Saban waves off Bear comparisons, 3-peat talk
HOOVER, Ala. - Nick Saban is as hard to distract as he is to beat.
Ask the Alabama coach and Marion County (W.Va.) native what winning a third straight national title would mean, and he wonders why he'd waste brain juice thinking about it. Compare him to Bear Bryant, and he swiftly dismisses such talk - though it isn't sounding so farfetched these days.
The Crimson Tide's ultra-focused coach didn't let 1,000-plus reporters at Southeastern Conference media days change his process-oriented approach.
Three straight titles sure would be huge, huh?
"I don't think about it in that regard. I never, ever do,'' Saban responded before his podium address. "I think the most important thing for me to do is to get our staff, the people in our organization, our players to be as good as this team can be. Can we get them to make a commitment to a standard that is going to let them play at a high level on a consistent basis that they are capable of?
"And if we do that maybe we'll give ourselves a chance, and I think that's the goal. That's what I think about. That's what we focus on. That's what we try to get accomplished with the players.''
Saban has won two straight championships and three of the last four after claiming another one at LSU. Can observers fairly say he's reaching Bear-ified air?
"I don't think I have any reason that anybody should do that. I think Bear Bryant is probably the greatest coach in college football in terms of what he accomplished, what his legacy is,'' said Saban, citing not only the titles but how Bryant influenced his players' lives.
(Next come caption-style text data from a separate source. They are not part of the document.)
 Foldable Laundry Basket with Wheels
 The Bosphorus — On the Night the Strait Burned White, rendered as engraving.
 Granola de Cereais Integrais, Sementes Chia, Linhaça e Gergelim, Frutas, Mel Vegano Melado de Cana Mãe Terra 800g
"There's no way that we have done anything close to what he's done in terms of his consistency over time, how he changed what he did to impact the times. They threw the ball and won. They ran the wishbone and won. He changed tremendously to do what he needed to do to be successful.''
The Tide has been mostly driving the Rolls Royce of football conferences since Saban got the program rolling. The SEC has won the last seven national titles.
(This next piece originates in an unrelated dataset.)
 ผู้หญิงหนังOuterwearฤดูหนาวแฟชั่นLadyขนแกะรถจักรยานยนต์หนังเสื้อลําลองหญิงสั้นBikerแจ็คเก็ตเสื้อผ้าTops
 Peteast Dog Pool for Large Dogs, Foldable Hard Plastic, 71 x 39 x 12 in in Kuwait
Even losses to top contenders Texas A&M last year and LSU two years ago have been mere speed bumps to an Alabama program with the sturdiest of shock absorbers.
Bama barely pulled out wins over both LSU and Georgia in the SEC title game last season. Once again - as the Tigers' Les Miles points out - the Tide doesn't have to play East powers Georgia, Florida or South Carolina in the regular season.
LSU, meanwhile, faces Georgia and Florida.
"There can never be an equal path to the championship,'' said Saban, the lone coach who voted for a nine-game league schedule in the spring. "Unless everybody plays everybody, that's the only equal path to the championship.
"Everybody doesn't play everybody in the NFL. You rotate your schedule.''
Quarterback AJ McCarron has started on two of the national title teams and been around for all three. He adhered to the seemingly ingrained philosophy in Saban's program of avoiding using that dynasty word for the Tide's current run.
"We know what we have achieved,'' McCarron said. "We don't need one word to describe what we've accomplished as a team and as a university as a whole.''
Offensive lineman Anthony Steen isn't quite so reticent on what a fourth title in five years would mean.
"I can't explain how special that would be,'' Steen said. "I know all the guys are thinking about it, but we're just focusing on the first game.''
It certainly seems as though they're not done being a contender yet. Reinforcements are on campus from the latest top-ranked recruiting class to help replace three first-round NFL draft picks. Plus, stars like McCarron, linebacker C.J. Mosley and wide receiver Amari Cooper return. Saban said this team probably has better offensive skill players.
That loaded roster and recent history make 'Bama the heavy favorite to win the SEC again.
Alabama was the overwhelming pick by league media to repeat as SEC champion. Saban noted that reporters have been right only four times in 21 years and says picking a preseason favorite is "crazy'' because there are so many factors.
"Now, if I were to go 4-17 as a coach, I would be back in West Virginia pumping gas in my daddy's gas station,'' Saban said.
And he might even be debating some other coach's legacy.